Each entry in the admin.log file is on a separate line and represents a single administrator action. The general format of each entry is the same, though specific events are recorded with information relevant to each type. Events are recorded when you click the corresponding Save button in the administrative console. Each log entry contains information relating to the event, including:

  • The time the event occurred on the PingFederate server

  • The username of the administrator performing the action

  • The roles assigned to the administrator at the time the event occurred

  • The type of event that occurred

  • Basic information about the event

  • jti (JWT ID)

    The jti is the ID of the outbound JSON Web Token (JWT) request. This information is applicable for a LOGIN_ATTEMPT event when the PingFederate administrative console authentication scheme is OpenID Connect (OIDC).

  • The hash of the inbound access token.

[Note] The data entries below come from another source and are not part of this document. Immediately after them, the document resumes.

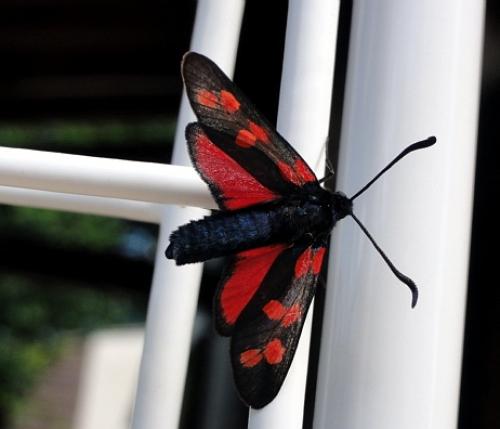 Zygaena transalpina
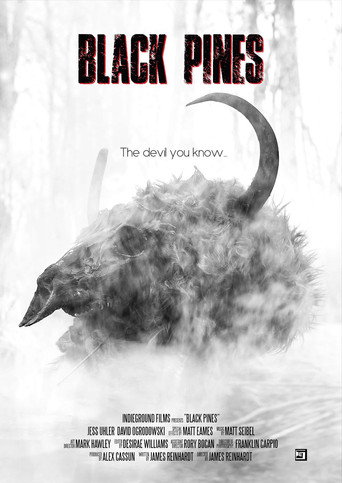 Black Pines movie poster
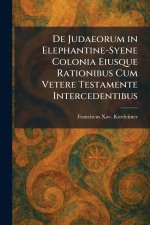 De Judaeorum in Elephantine-Syene Colonia Eiusque Rationibus Cum Vetere Testamente Intercedentibus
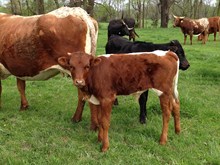 UNREGISTERED CALF
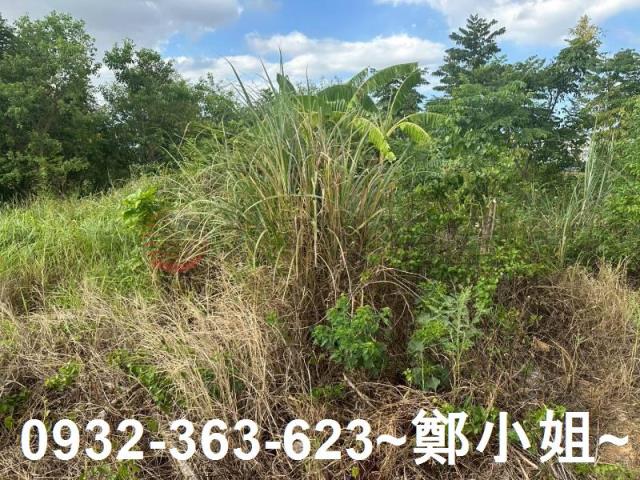 蘆竹農地-7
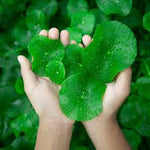 Centella Asiatica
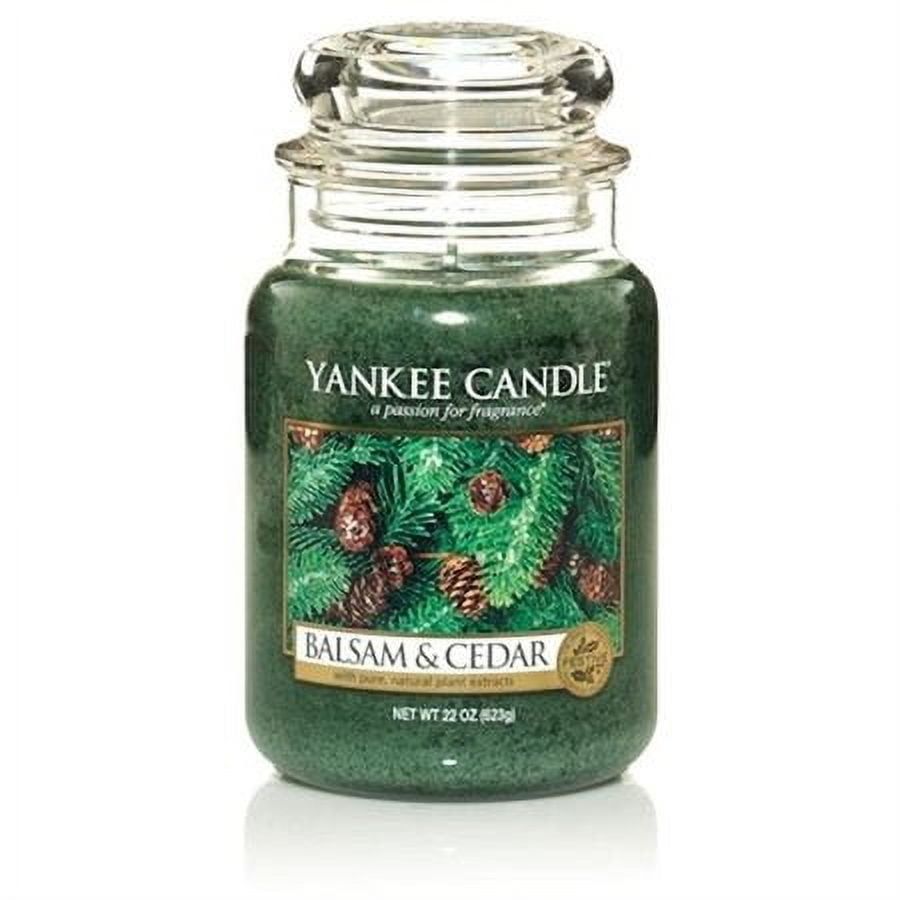 Balsam & Cedar Green Scented 22 oz Jar Candle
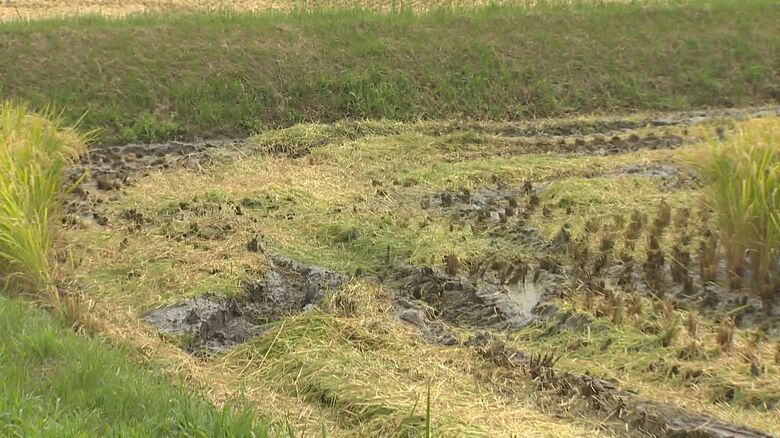 雨が降ると田んぼがでこぼこに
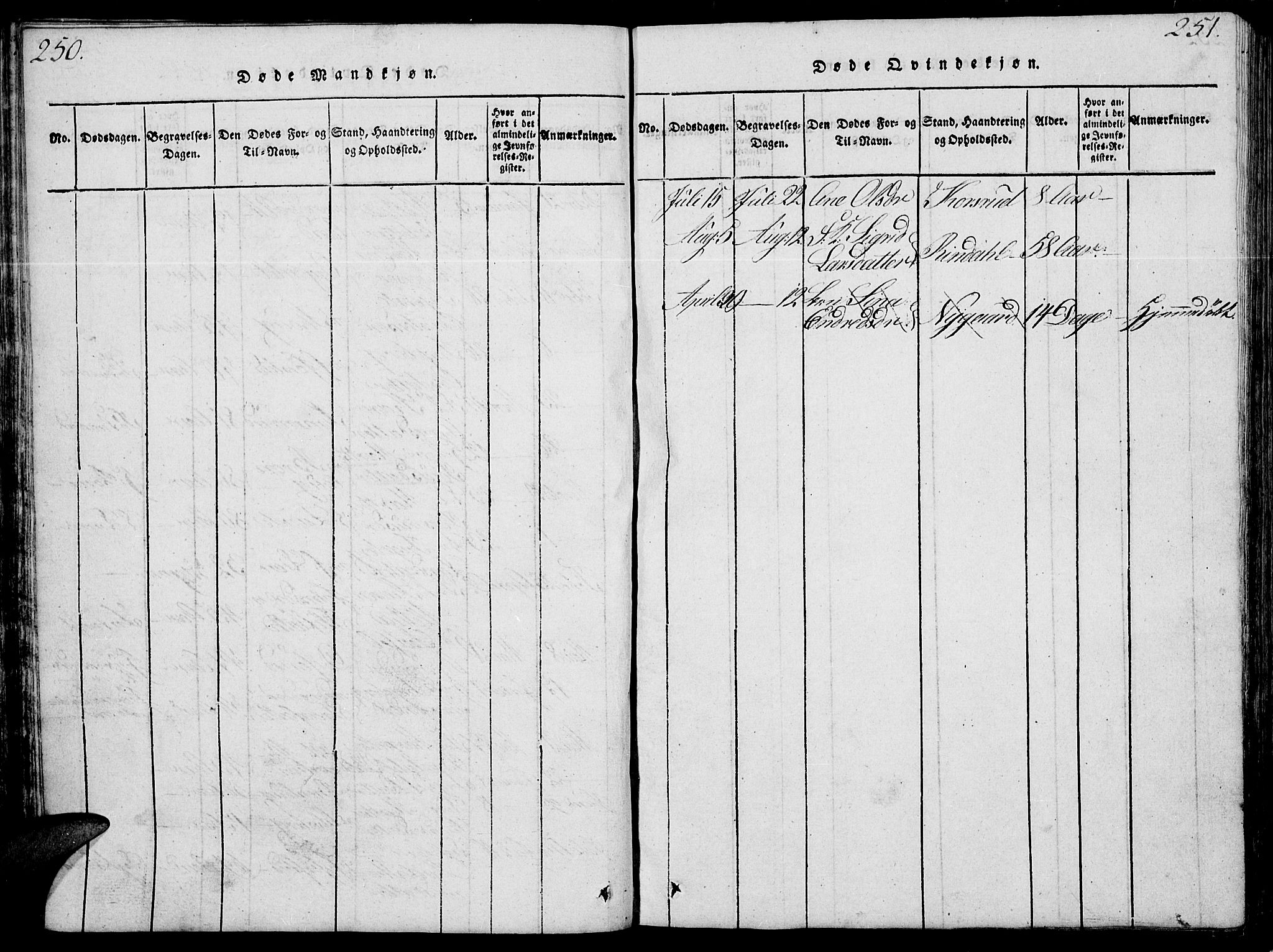 Fåberg prestekontor, SAH/PREST-086/H/Ha/Hab/L0004: Parish register (copy) no. 4, 1818-1837, p. 250-251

    The hash logging is applicable for a LOGIN_ATTEMPT event when the PingFederate administrative console authentication scheme is OIDC. To calculate the hash value for a token or authorization code, run the calculatehash.sh/bat script in the PingFederate bin folder.

    This feature should only be enabled in production environments when actively troubleshooting authentication issues.

Each of these fields is separated by a vertical pipe (\|) for easier parsing.

Detailed event logging

You can also configure PingFederate to log additional event information to a separate log file. When you enable detailed event logging, besides writing basic information to <pf_install>/pingfederate/log/adming.log, PingFederate logs detailed information about each event to admin-event-detail.log in the same log directory.

Events recorded in the log are limited to changes stored in XML files. For example, the log does not record changes to OAuth clients stored in external datastores, such as LDAP directories or Java Database Connectivity (JDBC) databases. Additionally, not all events have detailed information. For instance, sign on attempts are only logged to the admin.log file.

PingFederate links events between admin.log and admin-event-detail.log by a unique event ID. Each entry in the admin-event-detail.log file contains:

  • The ID of the event

  • The name of the file involved

  • The type of event that occurred

  • The line number where the change occurred

  • The changes made

To enable detail event logging, set the pf.log.eventdetail property to true in the <pf_install>/pingfederate/bin/run.properties file.